Dune Drifter
|A squadron of cramped two-person fighter craft, Gemini Unit slip through hyperspace towards the Erebus system on their way to bolster the Terra Prime forces already engaged to help them push back the Drekk assault, what is expected to be “a little skirmish,” their life support systems extended to allow them to remain in-system to continue to provide backup as needed.
What they find is a massacre, their capital vessel overwhelmed by swarming Drekk attack vessels and taking heavy fire; with no option but to engage despite the superior shielding of the enemy against which their energy weapons have little impact they move into weapons range, and one by one they are picked off.
Out of control, the last ship survives a rough entry into the cloudy atmosphere of Erebus, a harsh landing on a desolate plain of volcanic ash; pilot Adler stumbles from the vessel but her navigator Yaren is injured and incapacitated. The battle continuing in the skies above them, flashes illuminating the night in strange constellations, they must find a way to signal for rescue or find a way to repair the damage if they are ever to make it home to Terra Prime.
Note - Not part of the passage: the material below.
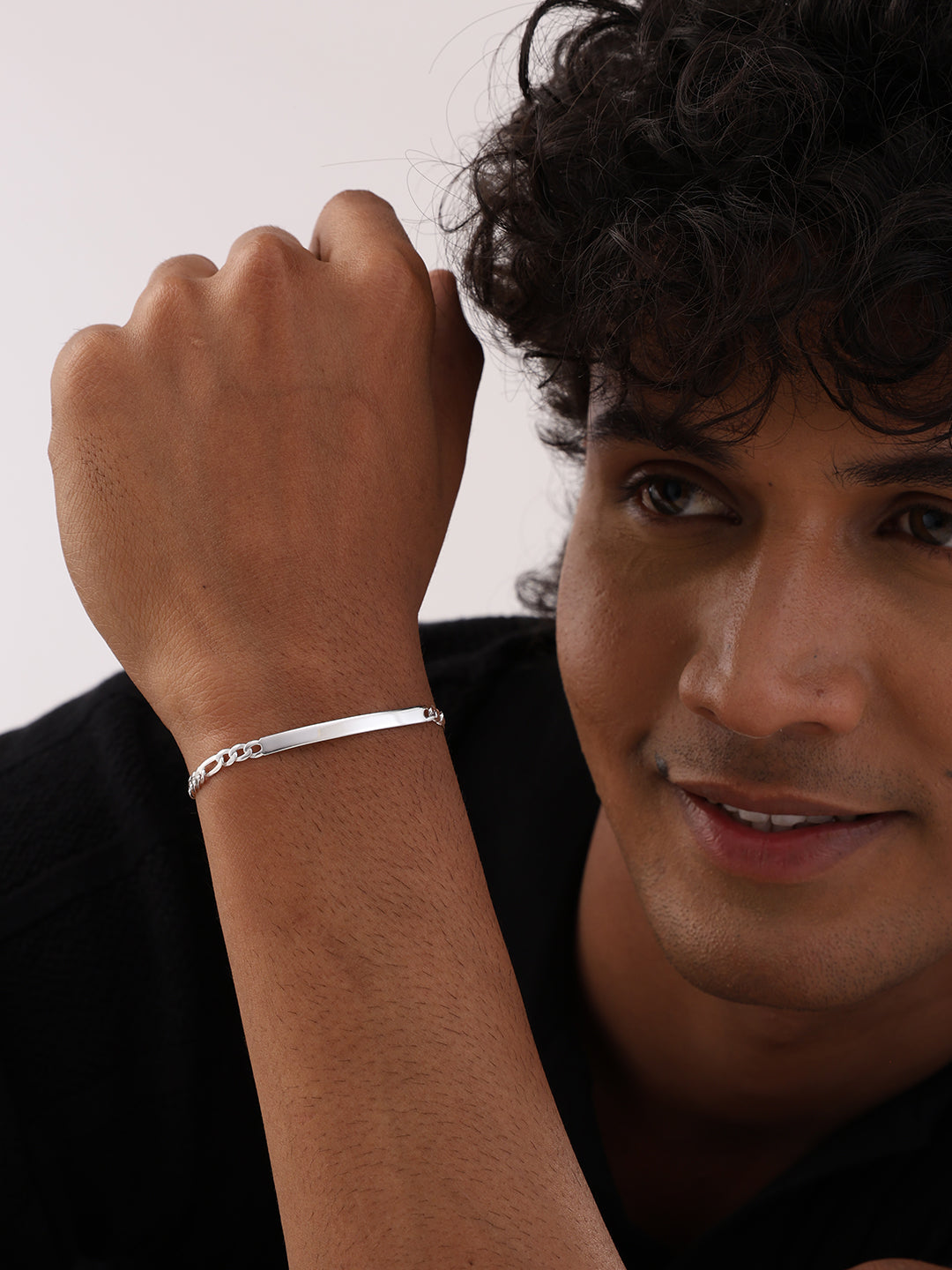 Men's Silver ID Bracelet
Written and directed by Marc Price, Dune Drifter is the art of the impossible made real, a science fiction action thriller of space battles and alien worlds created out of a single week of shooting in Iceland and a cockpit interior constructed in the director’s living room, using practical model effects as a default position with only minimal digital enhancement where required.
The limited resources meaning the focus is on character and dialogue, the screaming of overlapping comms channels expresses the chaos of battle before the hopelessness of silence replaces the cacophony, and unable to gloss over the cracks with epic visuals it rests upon Phoebe Sparrow and Daisy Aitkens to carry the burden as warriors.
Bleak yet beautiful, Dune Drifter benefits enormously from the otherworldly landscapes of the location footage, the functional environment suits adding much to the realism, and while it would have been interesting to see the Drekk developed beyond black-clad masked “space Nazis,” as a blend of Star Wars and Pitch Black which substitutes sheer ambition for budget it cannot be faulted.